- [DATA IN THIS EXERCISE]:
-------------------------
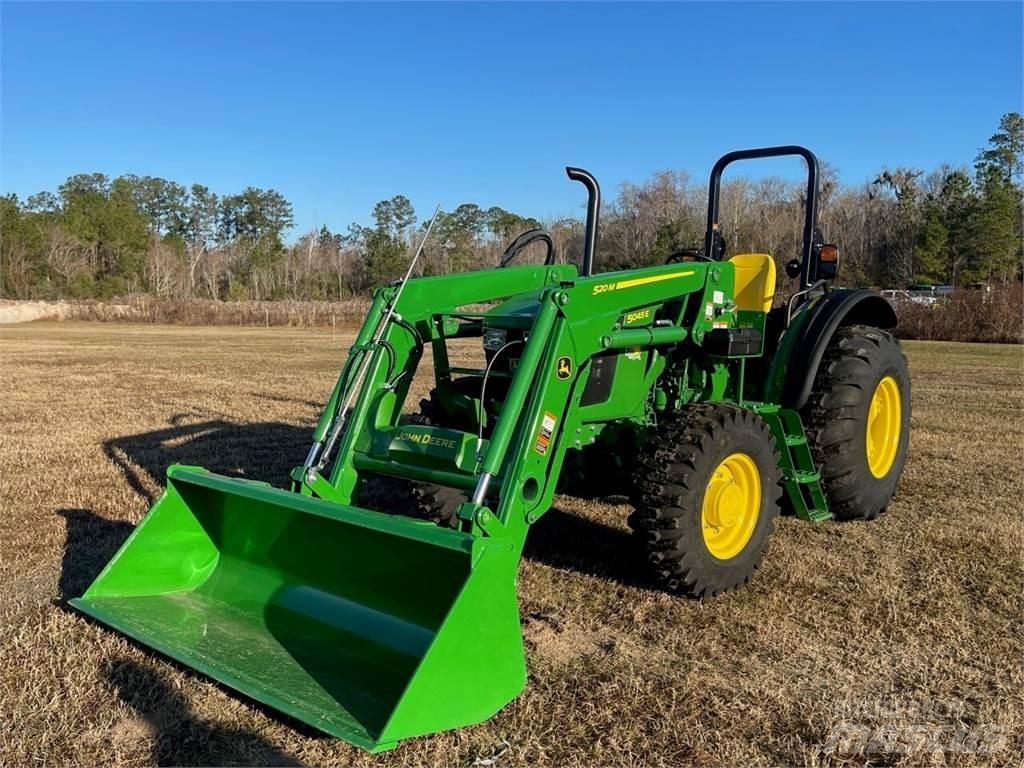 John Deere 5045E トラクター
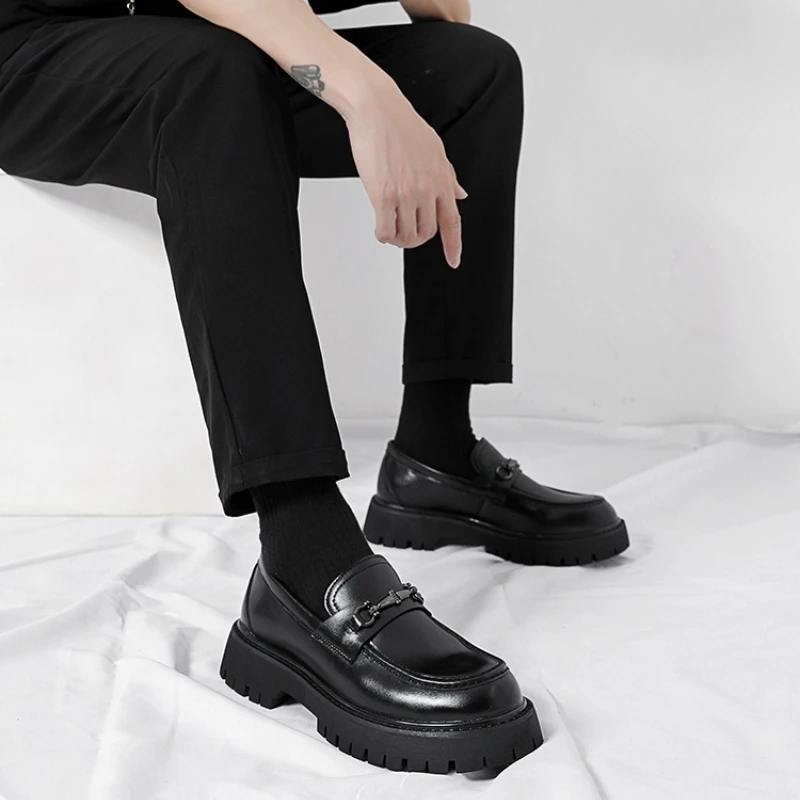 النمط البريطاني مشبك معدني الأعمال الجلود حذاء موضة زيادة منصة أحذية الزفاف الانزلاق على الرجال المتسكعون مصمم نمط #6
-------------------------
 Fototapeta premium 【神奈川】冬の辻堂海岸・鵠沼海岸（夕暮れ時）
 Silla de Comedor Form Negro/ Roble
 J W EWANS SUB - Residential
-------------------------
- [EXERCISE DETAILS]:
Each line above starting at the one holding "John Deere 5045E トラクター" and ending at the one holding "النمط البريطاني مشبك" should be set down exactly as it stands, both ends included, with no pictures.

- [ANSWER SPACE]:
 John Deere 5045E トラクター
 النمط البريطاني مشبك معدني الأعمال الجلود حذاء موضة زيادة منصة أحذية الزفاف الانزلاق على الرجال المتسكعون مصمم نمط #6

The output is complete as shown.